ThreatQ Basic Search supports flexible pattern matching through the use of the percent sign (%) wildcard. Wildcards allow users to control how strictly or broadly their search terms are evaluated, making the feature effective for both precise lookups and exploratory analysis .

Search Type Pattern  Behavior  Examples  Notes 
Exact Term Match TERM Matches only the exact term or phrase. Searching for the term target german will result in the application only finding target german. It will not find similar results like targeting german or retarget german. Best used when the exact object name or phrase is known.
Starts with Search TERM% Matches any value that begins with the specified term. Searching for target% will return results such as target, targeting, and targets. It will not find not find results that do not begin with the search term like retarget. This is useful for discovering naming variations or object families that share a common prefix.
Ends with Search %TERM Matches any value that ends with the specified term. Searching for %german will return results such as german, target german, and east german. It will not find not find results that do not end with the search term like germanic. Common use cases include suffix-based searches such as file extensions or domain endings.
Ends with Term Search % TERM Matches any value preface by another word. Search for % bear will result in the application returning results such as red bear, black bear, and brown bear. It will not find terms such as bear blue. This is useful for discovering variations that utilize the search term in its naming convention. 
Contains Search %TERM% Matches the term anywhere within the value. Search for %target% will return results such as target, targeting, and retarget. This is the most flexible and expansive option, well-suited for exploratory searches where the exact structure of the data is unknown. 
Character Search T%M Matches any term that contains both characters. Searching b%r will return results such as black bear, black rust, and blue rubber. This is useful for narrowing down the search for objects without knowing the exact name. 

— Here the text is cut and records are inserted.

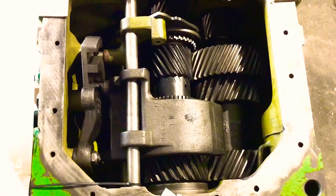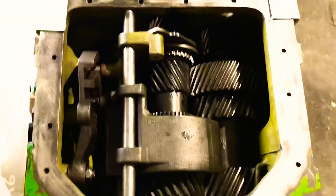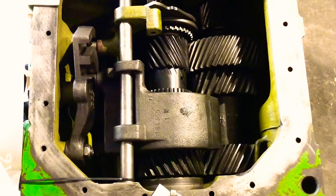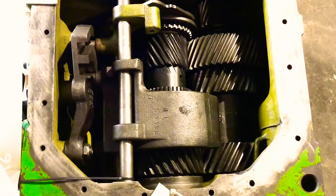Got a John Deere 8630 four-wheel drive transmission rear end. This top shaft has become not available from Deere — we've been selling a lot of them.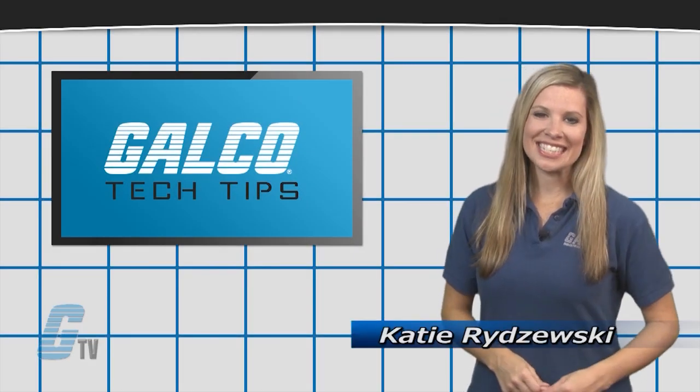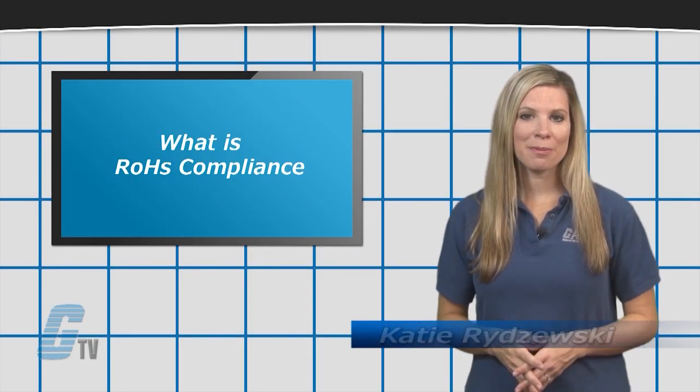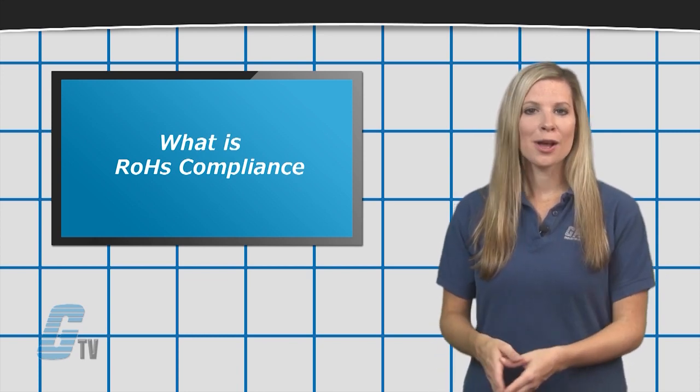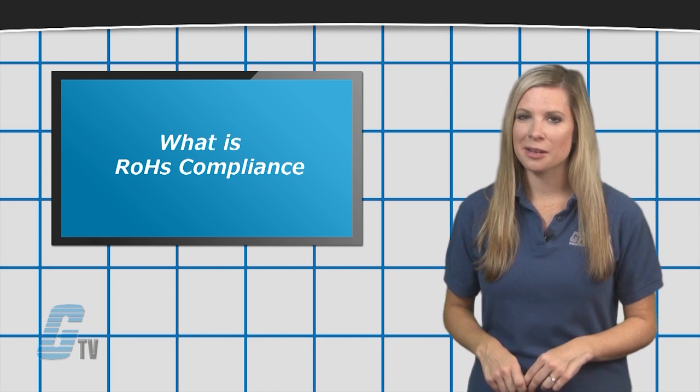Hi, I'm Katie with your GTV Tech Tip. RoHS is a European standard that is often used in industrial electronics and stands for the Restriction of Hazardous Substances.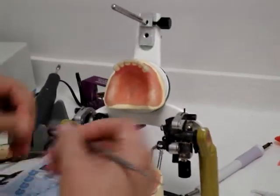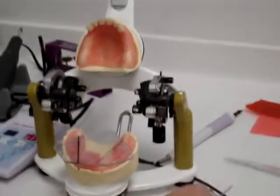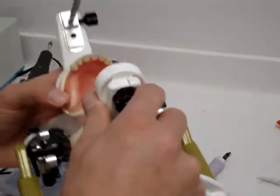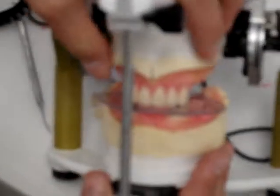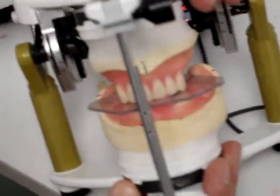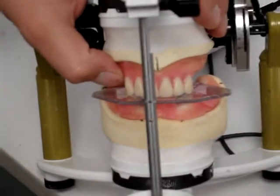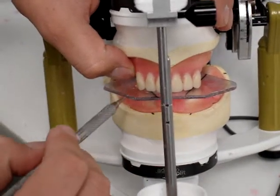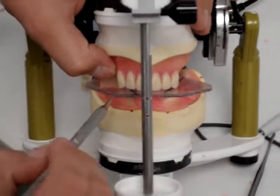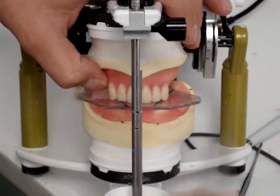Now we've got the canine set. As far as the angulation is concerned, make sure you always look at your PowerPoint, but basically they should have a slight distal tilt. It's not super critical because you're going to be moving them out of occlusion later anyway. Before you move on to the posteriors, make sure your two centrals are touching the occlusal plane, the tips of your canines are touching the occlusal plane, and your laterals are parallel with the occlusal plane, about half a millimeter above.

Creating an Object During a Basic Search

The Basic Search window gives you the option to add a new object. If you enter an object name that is not found, you can click the Create link to select the object type from a drop-down list and add the new object.  In addition, if you limit a basic search to a specific object type, you are linked to the corresponding form. For example, if you limit your search to Adversaries, the Create link opens the Add An Adversary form.

You cannot use the Create link to add a new investigation.

If you leave the Limit search to field set to All Objects, you can select the object type you want to create from a drop-down list. 

Best Practices and Usage Guidance

  • Start with an exact search and progressively broaden using wildcards if results are too limited.
  • Use Starts With or Ends With searches to manage large result sets more effectively.
  • Apply Contains searches sparingly for very short terms, as they may return excessive matches.
  • Leverage object type filtering to improve relevance and reduce noise in mature ThreatQ environments.
  • Contact ThreatQuotient Support for any additional search questions or issues.